───── Records for the exercise ─────
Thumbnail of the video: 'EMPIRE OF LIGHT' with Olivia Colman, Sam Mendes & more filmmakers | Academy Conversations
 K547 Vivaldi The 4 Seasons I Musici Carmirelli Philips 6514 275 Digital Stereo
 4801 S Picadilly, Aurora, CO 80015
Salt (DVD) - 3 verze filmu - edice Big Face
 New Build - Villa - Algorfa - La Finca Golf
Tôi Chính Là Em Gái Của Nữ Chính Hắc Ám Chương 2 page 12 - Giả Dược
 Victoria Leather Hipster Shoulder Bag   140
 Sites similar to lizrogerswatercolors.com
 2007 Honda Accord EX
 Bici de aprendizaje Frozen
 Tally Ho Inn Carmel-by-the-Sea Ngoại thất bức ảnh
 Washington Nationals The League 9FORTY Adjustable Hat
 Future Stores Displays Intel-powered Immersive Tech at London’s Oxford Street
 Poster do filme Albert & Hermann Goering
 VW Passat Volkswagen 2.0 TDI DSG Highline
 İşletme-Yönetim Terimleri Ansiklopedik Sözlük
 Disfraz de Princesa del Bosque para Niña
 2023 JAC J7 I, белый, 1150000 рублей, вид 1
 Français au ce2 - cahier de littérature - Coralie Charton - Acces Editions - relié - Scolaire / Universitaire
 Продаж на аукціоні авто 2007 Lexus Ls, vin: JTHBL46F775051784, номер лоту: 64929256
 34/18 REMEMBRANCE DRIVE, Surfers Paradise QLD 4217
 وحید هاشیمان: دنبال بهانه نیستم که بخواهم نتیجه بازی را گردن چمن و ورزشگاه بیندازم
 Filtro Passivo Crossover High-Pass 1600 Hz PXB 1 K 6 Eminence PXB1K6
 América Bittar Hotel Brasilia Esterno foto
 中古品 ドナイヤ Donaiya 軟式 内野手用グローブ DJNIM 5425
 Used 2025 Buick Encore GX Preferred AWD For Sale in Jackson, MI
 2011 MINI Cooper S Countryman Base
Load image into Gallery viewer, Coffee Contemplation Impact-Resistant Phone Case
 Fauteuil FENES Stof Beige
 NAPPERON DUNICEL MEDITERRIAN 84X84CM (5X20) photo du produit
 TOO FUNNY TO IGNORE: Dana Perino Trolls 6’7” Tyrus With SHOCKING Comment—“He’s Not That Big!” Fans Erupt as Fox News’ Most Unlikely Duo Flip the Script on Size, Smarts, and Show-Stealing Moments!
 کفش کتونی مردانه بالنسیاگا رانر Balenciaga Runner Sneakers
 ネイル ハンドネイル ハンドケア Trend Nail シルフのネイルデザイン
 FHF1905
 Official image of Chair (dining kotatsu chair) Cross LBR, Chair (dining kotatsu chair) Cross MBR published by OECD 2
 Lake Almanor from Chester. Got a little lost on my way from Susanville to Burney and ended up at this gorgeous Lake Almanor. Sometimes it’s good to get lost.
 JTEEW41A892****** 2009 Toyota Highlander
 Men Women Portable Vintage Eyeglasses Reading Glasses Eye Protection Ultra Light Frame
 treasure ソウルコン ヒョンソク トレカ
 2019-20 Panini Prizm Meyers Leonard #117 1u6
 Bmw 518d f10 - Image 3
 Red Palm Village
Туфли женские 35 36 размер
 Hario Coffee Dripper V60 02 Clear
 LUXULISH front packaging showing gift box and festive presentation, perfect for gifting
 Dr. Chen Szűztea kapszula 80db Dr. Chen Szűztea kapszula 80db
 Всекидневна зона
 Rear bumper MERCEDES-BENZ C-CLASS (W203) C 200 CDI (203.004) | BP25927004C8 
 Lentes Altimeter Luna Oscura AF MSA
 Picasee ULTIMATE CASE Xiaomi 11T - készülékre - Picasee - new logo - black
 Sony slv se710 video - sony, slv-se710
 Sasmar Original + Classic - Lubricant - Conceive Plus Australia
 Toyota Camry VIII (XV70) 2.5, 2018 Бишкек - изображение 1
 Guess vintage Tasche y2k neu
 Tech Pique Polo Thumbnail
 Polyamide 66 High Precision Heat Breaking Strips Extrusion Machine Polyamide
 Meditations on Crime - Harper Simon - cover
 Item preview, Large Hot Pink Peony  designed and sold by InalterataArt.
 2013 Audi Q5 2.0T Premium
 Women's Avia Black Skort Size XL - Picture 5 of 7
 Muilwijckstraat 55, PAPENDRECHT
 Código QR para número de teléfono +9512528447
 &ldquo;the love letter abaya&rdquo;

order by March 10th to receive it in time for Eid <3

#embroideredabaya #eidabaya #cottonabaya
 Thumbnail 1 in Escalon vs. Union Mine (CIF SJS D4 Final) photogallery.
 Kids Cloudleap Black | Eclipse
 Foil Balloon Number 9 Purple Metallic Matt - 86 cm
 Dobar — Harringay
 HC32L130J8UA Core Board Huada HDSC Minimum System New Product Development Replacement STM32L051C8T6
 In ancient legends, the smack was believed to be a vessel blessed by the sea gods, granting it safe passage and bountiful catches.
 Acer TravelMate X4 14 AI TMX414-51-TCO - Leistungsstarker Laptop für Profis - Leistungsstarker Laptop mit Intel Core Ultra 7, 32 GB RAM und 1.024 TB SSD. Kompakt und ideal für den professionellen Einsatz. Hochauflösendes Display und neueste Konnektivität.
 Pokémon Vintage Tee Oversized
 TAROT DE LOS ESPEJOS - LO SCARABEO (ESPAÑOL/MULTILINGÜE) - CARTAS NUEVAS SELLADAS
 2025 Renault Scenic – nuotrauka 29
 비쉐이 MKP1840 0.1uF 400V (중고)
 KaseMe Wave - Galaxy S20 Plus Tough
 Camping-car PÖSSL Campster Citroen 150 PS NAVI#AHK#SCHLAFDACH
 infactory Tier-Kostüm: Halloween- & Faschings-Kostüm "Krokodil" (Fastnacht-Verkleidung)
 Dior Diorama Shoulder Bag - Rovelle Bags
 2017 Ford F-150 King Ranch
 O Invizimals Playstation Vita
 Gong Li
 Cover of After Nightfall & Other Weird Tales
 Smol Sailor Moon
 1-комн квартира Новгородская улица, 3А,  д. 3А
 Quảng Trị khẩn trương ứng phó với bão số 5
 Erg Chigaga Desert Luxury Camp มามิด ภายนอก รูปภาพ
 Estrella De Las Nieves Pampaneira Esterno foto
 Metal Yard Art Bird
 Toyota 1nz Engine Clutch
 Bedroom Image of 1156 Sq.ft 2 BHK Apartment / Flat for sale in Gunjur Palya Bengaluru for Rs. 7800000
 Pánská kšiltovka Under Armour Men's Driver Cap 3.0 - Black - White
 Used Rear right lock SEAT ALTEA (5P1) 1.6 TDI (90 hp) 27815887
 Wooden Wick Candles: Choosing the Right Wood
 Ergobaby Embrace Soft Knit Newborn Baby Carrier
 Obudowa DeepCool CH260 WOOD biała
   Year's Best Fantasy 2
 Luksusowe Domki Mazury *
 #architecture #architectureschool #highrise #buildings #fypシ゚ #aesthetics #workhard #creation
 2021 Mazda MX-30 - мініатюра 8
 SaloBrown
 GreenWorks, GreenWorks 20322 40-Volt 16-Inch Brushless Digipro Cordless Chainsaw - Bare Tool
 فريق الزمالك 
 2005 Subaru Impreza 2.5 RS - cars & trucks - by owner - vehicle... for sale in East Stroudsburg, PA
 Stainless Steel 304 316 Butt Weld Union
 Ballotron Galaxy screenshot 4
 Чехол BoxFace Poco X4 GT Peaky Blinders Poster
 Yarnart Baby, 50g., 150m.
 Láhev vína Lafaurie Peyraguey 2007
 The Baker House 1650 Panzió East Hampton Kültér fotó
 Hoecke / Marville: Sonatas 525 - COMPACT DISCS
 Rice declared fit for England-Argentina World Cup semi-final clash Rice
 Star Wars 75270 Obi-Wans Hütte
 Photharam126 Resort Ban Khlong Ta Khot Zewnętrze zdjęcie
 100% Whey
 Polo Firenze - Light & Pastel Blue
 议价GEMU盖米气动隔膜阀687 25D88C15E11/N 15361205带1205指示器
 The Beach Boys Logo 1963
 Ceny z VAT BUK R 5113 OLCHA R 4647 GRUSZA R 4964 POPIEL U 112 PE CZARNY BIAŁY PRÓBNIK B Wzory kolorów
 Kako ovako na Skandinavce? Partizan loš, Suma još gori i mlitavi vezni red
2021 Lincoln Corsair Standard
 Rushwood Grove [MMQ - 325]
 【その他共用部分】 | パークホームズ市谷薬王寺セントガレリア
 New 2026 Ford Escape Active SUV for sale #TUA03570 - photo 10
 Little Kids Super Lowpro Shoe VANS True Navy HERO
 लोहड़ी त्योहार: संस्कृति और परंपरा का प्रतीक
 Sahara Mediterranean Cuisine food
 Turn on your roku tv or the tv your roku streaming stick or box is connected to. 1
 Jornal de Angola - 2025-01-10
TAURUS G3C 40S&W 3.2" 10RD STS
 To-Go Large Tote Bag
─────
_Assignment_:
Proceeding from the line containing "Dobar — Harringay" through the line containing "KaseMe Wave - Galaxy S20 Plus Tough", transcribe the lines above exactly, both end lines included.

_Problem solution_:
 Dobar — Harringay
 HC32L130J8UA Core Board Huada HDSC Minimum System New Product Development Replacement STM32L051C8T6
 In ancient legends, the smack was believed to be a vessel blessed by the sea gods, granting it safe passage and bountiful catches.
 Acer TravelMate X4 14 AI TMX414-51-TCO - Leistungsstarker Laptop für Profis - Leistungsstarker Laptop mit Intel Core Ultra 7, 32 GB RAM und 1.024 TB SSD. Kompakt und ideal für den professionellen Einsatz. Hochauflösendes Display und neueste Konnektivität.
 Pokémon Vintage Tee Oversized
 TAROT DE LOS ESPEJOS - LO SCARABEO (ESPAÑOL/MULTILINGÜE) - CARTAS NUEVAS SELLADAS
 2025 Renault Scenic – nuotrauka 29
 비쉐이 MKP1840 0.1uF 400V (중고)
 KaseMe Wave - Galaxy S20 Plus Tough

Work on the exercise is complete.